Potion of Shirt-On-Backwards
The imbiber of this cursed potion cannot put their shirt on the right way. Normally this is just embarrassing and can be hidden under a cloak or shawl. Unfortunately the effect extends to armor, and affected's armor class is always treated as a class lower. Also may mess with some high-necked sorcerer robes.
Teleportato
Eat this whole tuber raw and you'll be warped back to where it was grown. The crops are a little weaker and meandering each year. Cooked into a meal it invokes strong yearning for that place instead and grants everyone who partakes advantage on checks to navigate there for a month.
Knobgoblin
A leering, verdigrised codpiece that bestows all the advantages of a ring of protection if worn proudly and obviously. Its facial expression shifts slightly to match the wearer's subconscious when not observed. Once per week it can be used to cast magic missile with a suitably obscene set of somatic gestures.
Pom de Terror
Planted in a garden, this root will flourish with almost no care. In fact, it will grow luxuriously when other plants near it flounder, and produce far too many offshoots. Within a year, it becomes the basis of farming within the hex it was planted in. And then it withdraws its nourishment -- the roots become bitter and underwhelming, providing just enough to keep people and livestock moving but not nourished. Soon they advance to their neighbor's farms, sickles sharpened, hungry grins waiting. The Pom de Terror is upon them.
Glaive of Mutilation
On a critical hit, this outlandish polearm deals an outlandish amount of extra damage (6d, maximum x 3, +3, whatever comes up to the borders of the system without being vorpal).
You Tuber
A wriggling 5-pronged root. Cut yourself, dribble some blood on it while you whisper, and plant it somewhere dank. Come back in a year, and unearth a simulacrum fascinated with your whispers and gaining approval, though not necessarily yours. It's a crappy copy of you with expertise in one of your skills, no loyalty, and an intense desire for fame. Good luck.

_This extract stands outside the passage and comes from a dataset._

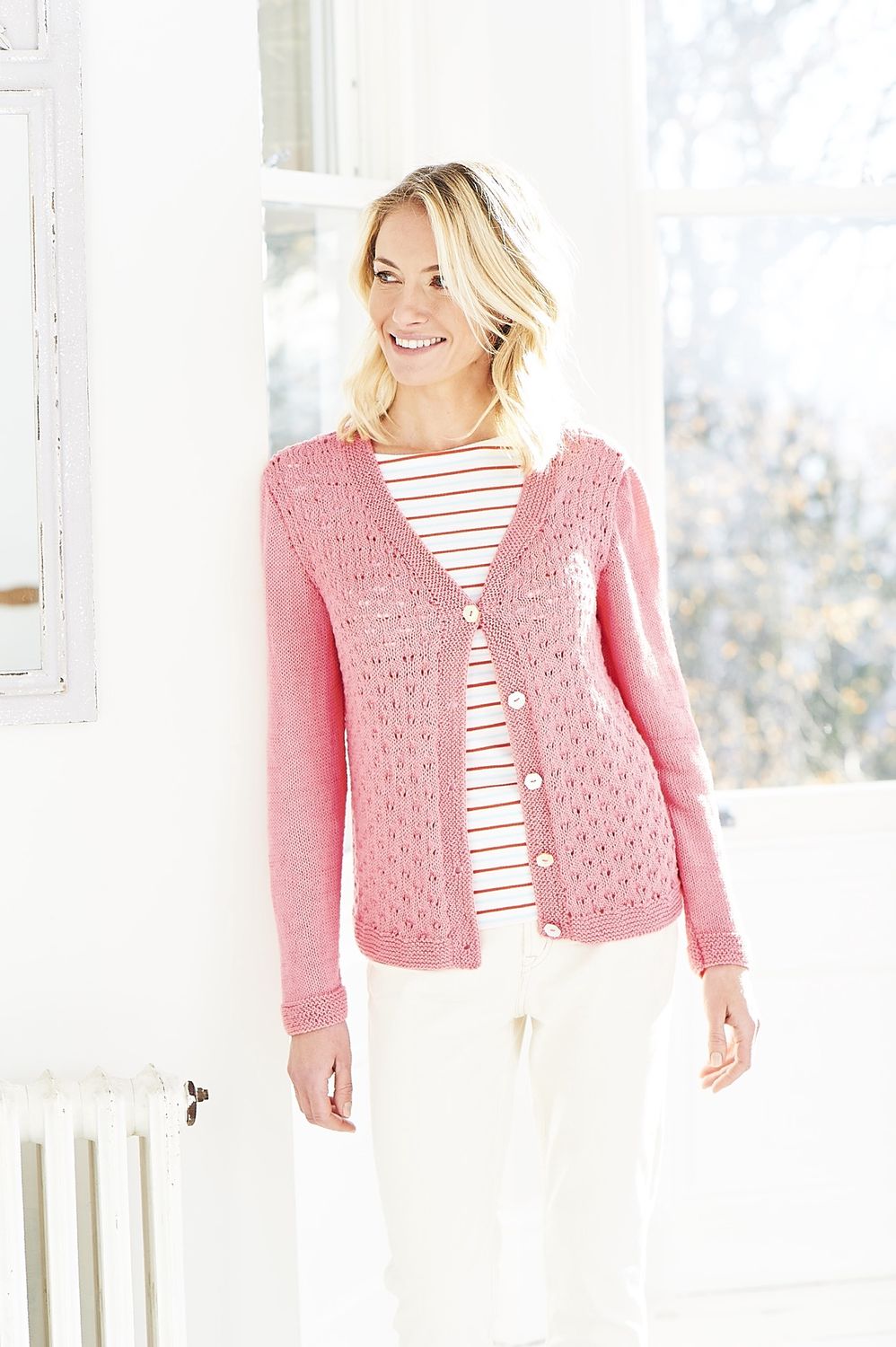 A woman is wearing a pink knitted cardigan.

The Book of Making Ready the Way
This spellbook would look at home on any academic's shelf. A leather-bound, tastefully-gilt vellum volume. The internals are fairly common observations on the night sky and weather patterns, with a lot of internal references. Like, a lot. Holding certain pages that reference each other forces one's fingers into the correct patterns, and there lie the book's spells of abjuration and, with practice, hidden names.

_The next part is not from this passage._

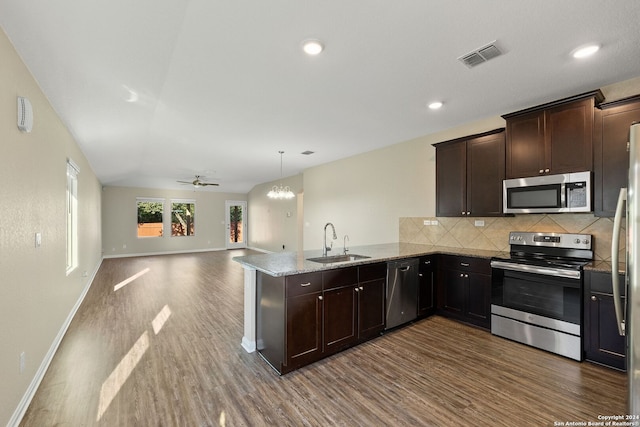 kitchen with ceiling fan with notable chandelier, kitchen peninsula, stainless steel appliances, hardwood / wood-style floors, and sink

If the Book of Making Ready the Way is used as a material component in any ritual that requires tracing a geometry, that ritual is a level more effective due to the precise placement of angles and points the book engenders.
Bolus Bolas
Rank and stinking bolas with a wet mass bound on each end. They deal escalating acid damage to a creature bound up in them for a few rounds until they burn themselves out.
Given a pair of rations, they can recover or even reproduce themselves.
Trickledown
This magical saber is forged of pure reaganite. On a hit, compare the wielder's lifestyle to the target's (luxury > wealthy > modest > poor > squalid): Trickledown deals additional damage for each step the wielder is above the target (a d6, or a +1, or bump the weapon die, depending on the system).
Additionally, the wielder has advantage on any Deception-style checks to convince someone a plan is in their best interest, or to stoke fears of a nebulous "they", so long as the notion is mostly lacking in details.
Trickledown is a mildly intelligent weapon with a weak and mumbly ego wrapped around a blistering Neutral Evil core dedicated to the golden rule: He who has the gold makes the rules. It will nudge its bearer to acquire wealth at any cost, but preferably at someone else's cost.
The saber's goat-skin scabbard, Throat, is also mildly enchanted. Once per month, it can be used to cast commune, but it can just say no. It's said that on lonely nights, some adventurers have put the scabbard to unusual uses with remarkable success, but this is likely merely a rumor.